ENCYCLOPEDIA OF CHINA TODAY

A bad workman may blame his tools, but if his tools are inadequate or outdated, he can scarcely be expected to do a reasonable job. Good works of reference, fully researched, and kept up to date are essentials for anyone dealing with words and facts.

That is why the revised Encyclopedia of China Today by Frederic M. Kaplan and Julian M. Sabin is welcome. Published by Macmillan (ISBN 0 333 32447 1), in the three years since the first edition it has grown in scope and size from 336 to 446 pages. It includes an excellent, if necessarily brief chapter on the arts, crafts and archaeology, mentioning the work of the farmer-painters of Huainan (see Hemisphere, July 1997), one of whose works is illustrated at right. An important change is that the end-paper maps have their place-names in pinyin.
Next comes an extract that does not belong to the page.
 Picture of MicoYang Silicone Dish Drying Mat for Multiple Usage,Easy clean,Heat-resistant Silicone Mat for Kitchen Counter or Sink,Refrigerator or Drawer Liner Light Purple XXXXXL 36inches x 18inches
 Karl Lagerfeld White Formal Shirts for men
The sections of the book dealing with history and with geography are as packed with factual information as the rest of this wide-raging publication: international relations, agriculture (conventional tractor output up to 156, 000 in 1977 from 23000 in 1965), brief biographical notices about prominent political figures, the economy, education political figures, the economy, education, health, and the arts and culture generally. There’s a section giving information for travelers and another for businessmen, and the arts and appendices deal, among other things, with publications, transcripts of the Constitution and criminal legislation. A lengthy bibliography. In short, a workmanlike and thoroughly researched book, packed with information about all aspects of China that could interest the writer, the traveler, the businessman -or the reader.